C.-O. Verseau professeur agrégé de philosophie

Sartre / 9 janvier / en quel sens la subjectivité est-elle indépassable?

« subjectivisme » :
1 « ne pas pouvoir dépasser la subjectivité»
2 « choix individuel »

La difficulté pour comprendre cette différence vient du fait que le lecteur risque de voir la limitation là où elle n'est ...pas !
Ne pas pouvoir, « l'impossibilité de dépasser la subjectivité » devrait se reformuler, positivement, en ne pas pouvoir « se passer de ». En effet, tout repose sur la subjectivité – ce qui ne veut PAS dire que chaque sujet soit enfermé en lui-même, dans son intériorité, dans son ego.
> tout « repose sur » (comme invite déjà à le penser le préfixe sub dans le mot latin subjectum, ou le mot anglais subject) signifie que le su(b)jet est le fond à partir de quoi tout le reste est possible. Tout repose sur le sujet (qui est donc « dessous ») au sens où tout « part » de lui (d'où l'expression « à partir de).
Rq : dire que les fondations d'une maison sont ce sur quoi la maison « repose » ne revient pas à dire que toute la maison serait enfermée à l'intérieur de ces mêmes fondations, dans la cave par exemple ! Au contraire, ce qui fonde permet l'élévation (de l'édifice), l'élan, la relation, etc.

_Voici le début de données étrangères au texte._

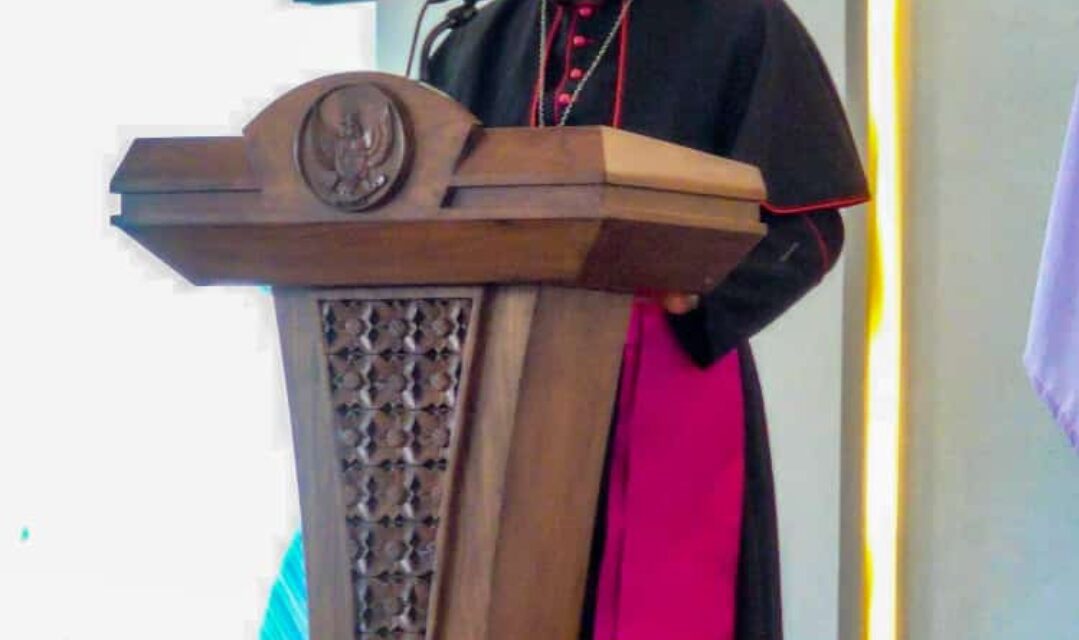Ini Pesan Tegas Uskup Jayapura Pada Momen Eksebisi Pesparani Katolik Provinsi Papua
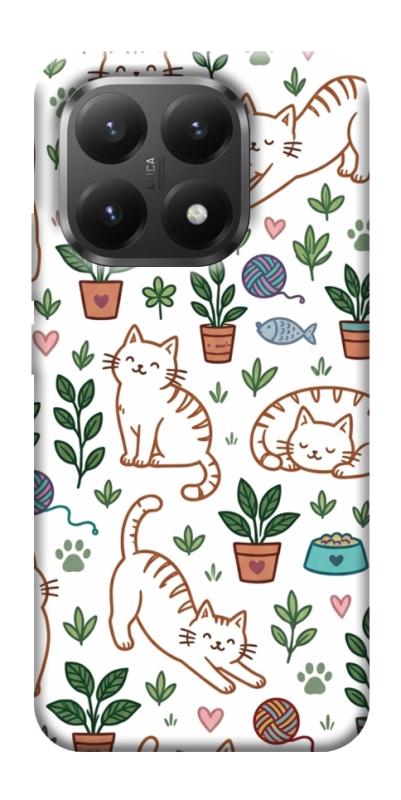 Чехол itsPrint Cats pattern для Xiaomi 15T, паттерн, купить оптом с доставкой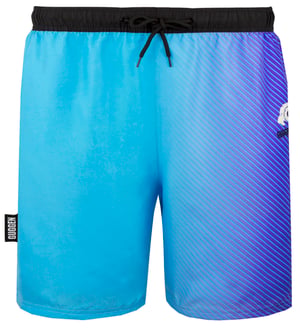 Herren Badehose mit Muster Streifen Blau Lila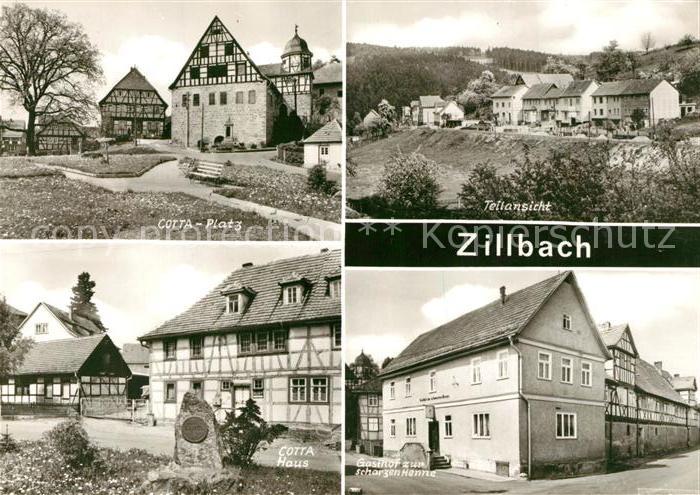Zillbach Schwallungen Cotta-Platz Gasthof zur schwarzen Henne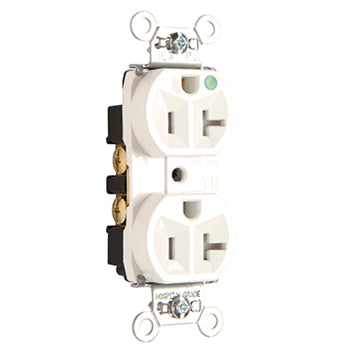 Pass And Seymour Tamper-Resistant Compact Hospital Grade Duplex Receptacle 20A 125V Ivory (TR8300HI)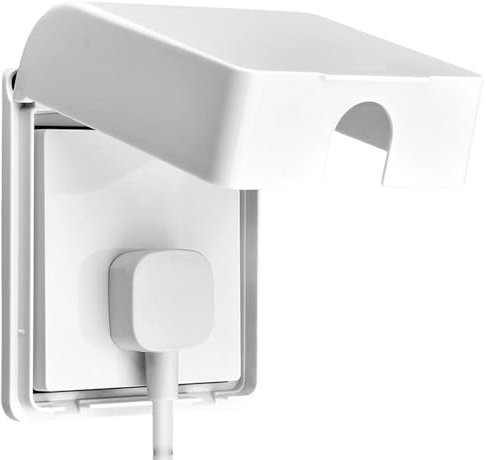 Uqezagpa Coperture adesive per prese di tipo 86, protezioni ABS bianche contro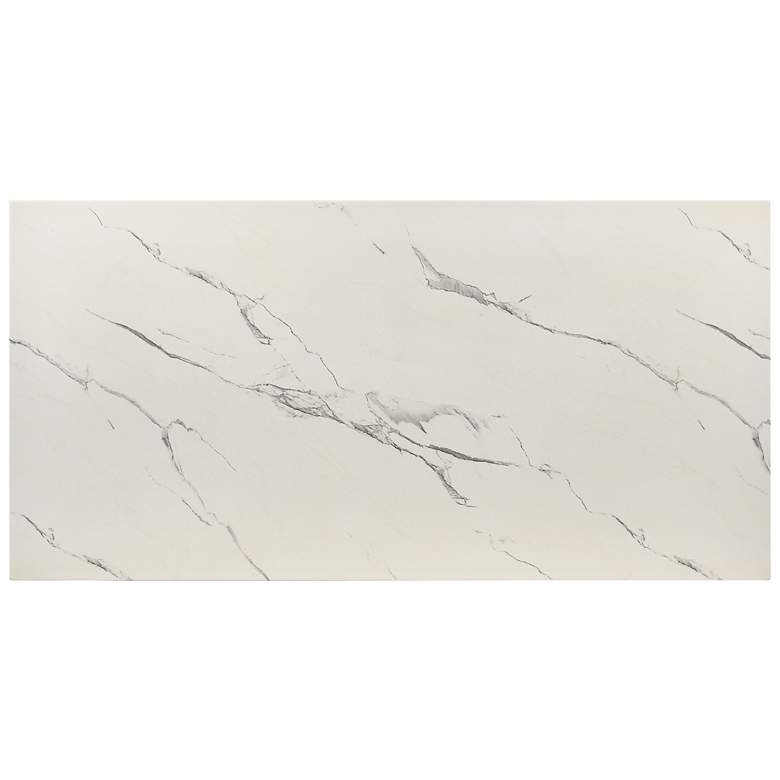 Image 6 Teed 3-Piece White Faux Marble Top Coffee Table Set more views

A l'inverse de ce que le lecteur (l'auditeur de la conférence en octobre 1945!) serait tenté de comprendre, la limitation ne se trouve donc pas dans la formule « impossibilité de dépasser la subjectivité » mais dans l'autre : « choix du sujet individuel » !
Car cette formule a tendance à nous faire croire que la subjectivité, c'est « seulement » le ...« subjectif », ce qui ne peut être mis en commun, ce qui ne peut être compris par un autre sujet, ce qui empêche la relation, la communauté, le collectif.
Rq : dans la langue usuelle, il n'est pas rare de rencontrer cette acception péjorative du mot « subjectif », confondu avec « personnel », « privé » (opposé à public), « individuel » ou « particulier » : serait « subjectif » ce dont on ne peut discuter (comme les goûts etc.).
L'enjeu de cette ...insistance sur la question de la subjectivité qui est le « premier principe  de l'existentialisme » (p3, l. 33) est de poser la responsabilité du sujet précisément. Nul ne pourra dire (en se dérobant, en se défaussant) : c'est pas moi, c'est l'autre qui l'a dit, c'est l'autre qui l'a voulu, qui m'a dit de le faire . « l'autre » ? autrui, la loi, le système, le monde. cf. l'expérience de Milgram (et tous ses dérivés … le film d'Henri Verneuil, I comme Icare ou le documentaire Zone extrême) qui met en évidence la « soumission à l'autorité ». Mais aucune « soumission » n'enlève à un sujet sa responsabilité car c'est toujours le sujet qui pose une autorité comme telle.